— Records for the exercise —
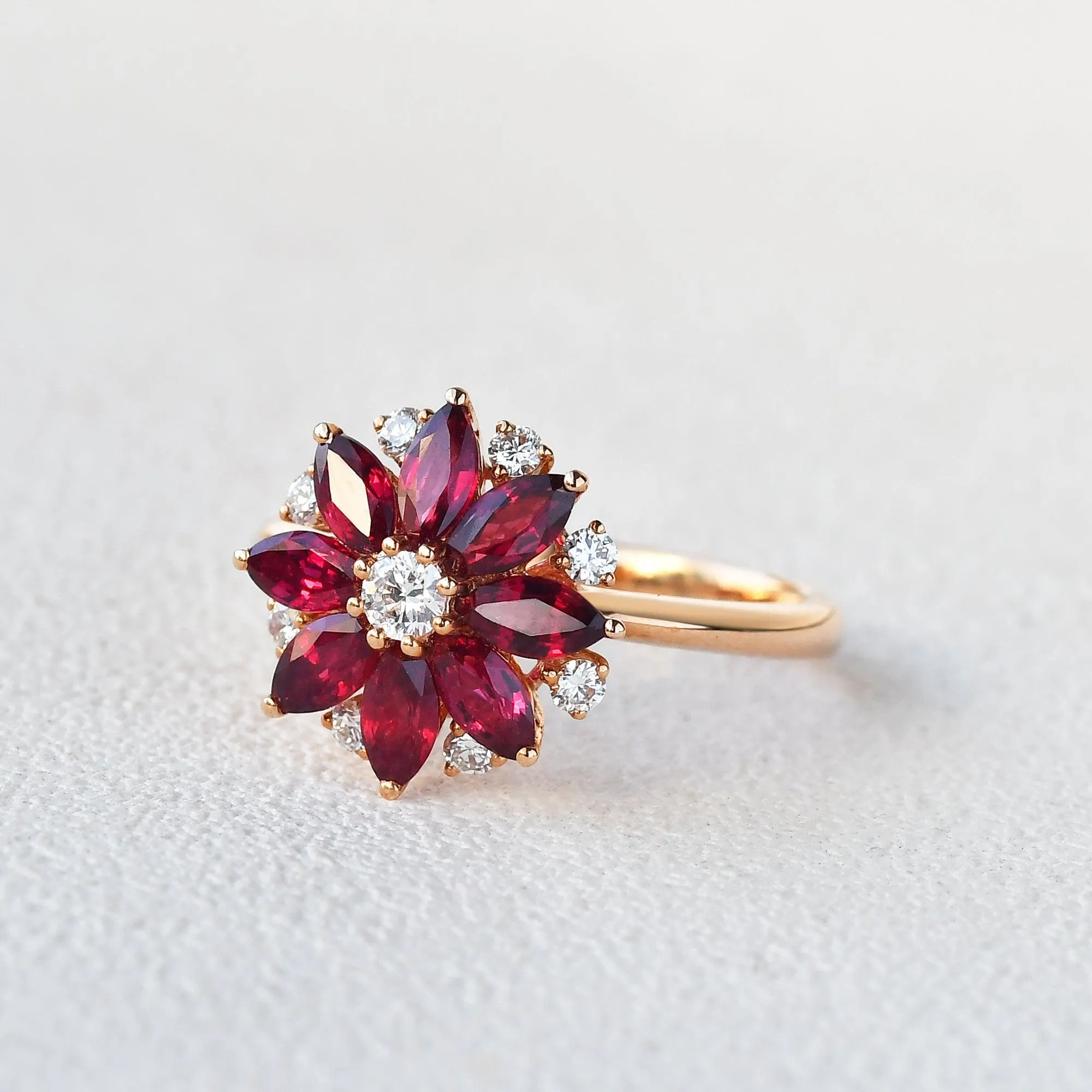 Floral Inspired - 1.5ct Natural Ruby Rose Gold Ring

--

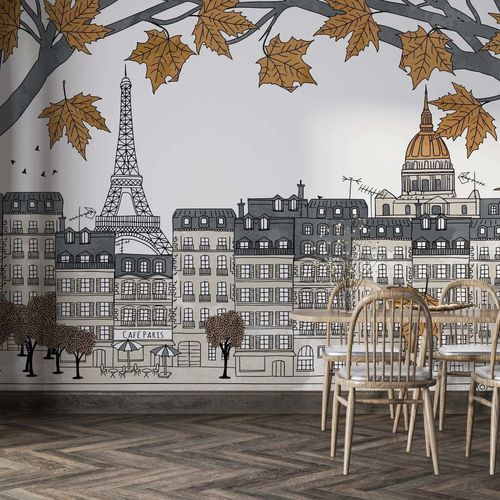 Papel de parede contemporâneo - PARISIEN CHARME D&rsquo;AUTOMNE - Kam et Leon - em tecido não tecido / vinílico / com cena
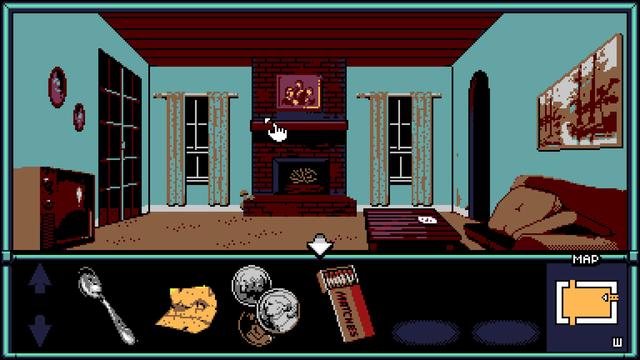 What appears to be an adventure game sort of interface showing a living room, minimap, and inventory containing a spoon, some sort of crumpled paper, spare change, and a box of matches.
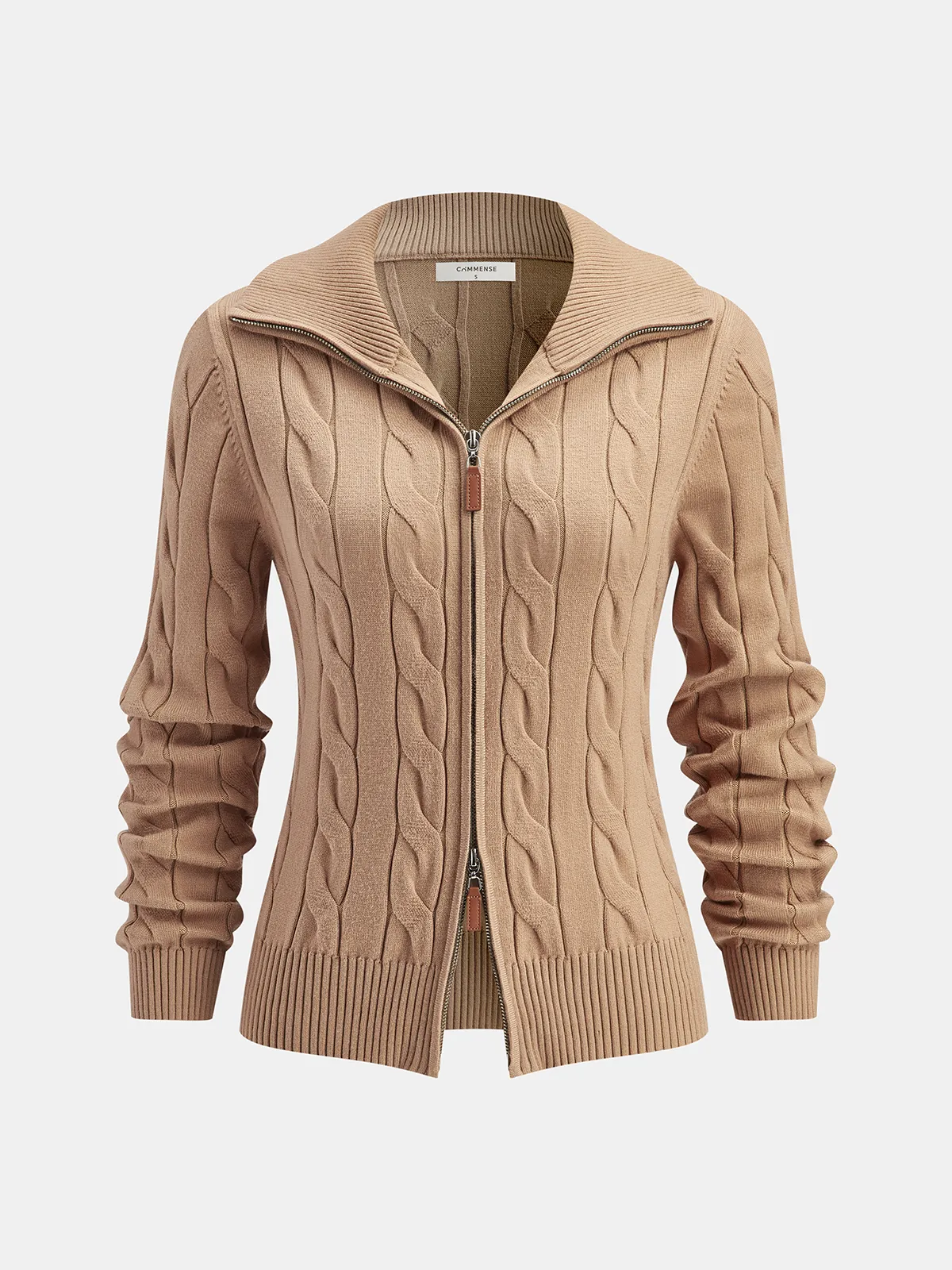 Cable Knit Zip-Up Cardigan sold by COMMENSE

— Exercise prompt —
Reproduce the listing above from the line that holds "Papel de parede" through the line that holds "What appears to", both included, with the pictures left out.

— Result for this task —
 Papel de parede contemporâneo - PARISIEN CHARME D&rsquo;AUTOMNE - Kam et Leon - em tecido não tecido / vinílico / com cena
 What appears to be an adventure game sort of interface showing a living room, minimap, and inventory containing a spoon, some sort of crumpled paper, spare change, and a box of matches.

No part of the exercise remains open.